(DATA FOR ANALYSIS Opens)

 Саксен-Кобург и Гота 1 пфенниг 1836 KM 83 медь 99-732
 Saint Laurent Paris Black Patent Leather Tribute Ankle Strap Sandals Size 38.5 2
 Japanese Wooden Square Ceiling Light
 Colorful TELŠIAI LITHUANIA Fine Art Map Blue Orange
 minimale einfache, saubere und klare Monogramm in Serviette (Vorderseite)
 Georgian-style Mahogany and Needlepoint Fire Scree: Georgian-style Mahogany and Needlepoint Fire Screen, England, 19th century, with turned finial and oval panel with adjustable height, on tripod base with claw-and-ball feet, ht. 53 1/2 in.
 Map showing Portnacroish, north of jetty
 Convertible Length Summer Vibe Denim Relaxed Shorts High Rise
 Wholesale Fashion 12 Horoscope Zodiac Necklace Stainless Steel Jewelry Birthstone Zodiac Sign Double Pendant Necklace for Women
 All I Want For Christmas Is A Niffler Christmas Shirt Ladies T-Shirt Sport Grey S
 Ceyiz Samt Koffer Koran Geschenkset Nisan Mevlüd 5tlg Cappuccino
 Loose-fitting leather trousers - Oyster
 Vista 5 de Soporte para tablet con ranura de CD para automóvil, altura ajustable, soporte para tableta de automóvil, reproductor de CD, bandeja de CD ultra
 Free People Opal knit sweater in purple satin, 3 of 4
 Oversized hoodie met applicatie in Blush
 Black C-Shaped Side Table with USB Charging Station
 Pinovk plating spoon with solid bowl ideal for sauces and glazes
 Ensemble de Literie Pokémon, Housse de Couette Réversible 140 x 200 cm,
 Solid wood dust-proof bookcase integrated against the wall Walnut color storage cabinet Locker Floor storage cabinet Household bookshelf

(DATA FOR ANALYSIS Closes)

Your task is to restate, word for word, only those lines above that fall between the line holding "Loose-fitting leather trousers - Oyster" and the line holding "Pinovk plating spoon", inclusive.

REPLY -
 Loose-fitting leather trousers - Oyster
 Vista 5 de Soporte para tablet con ranura de CD para automóvil, altura ajustable, soporte para tableta de automóvil, reproductor de CD, bandeja de CD ultra
 Free People Opal knit sweater in purple satin, 3 of 4
 Oversized hoodie met applicatie in Blush
 Black C-Shaped Side Table with USB Charging Station
 Pinovk plating spoon with solid bowl ideal for sauces and glazes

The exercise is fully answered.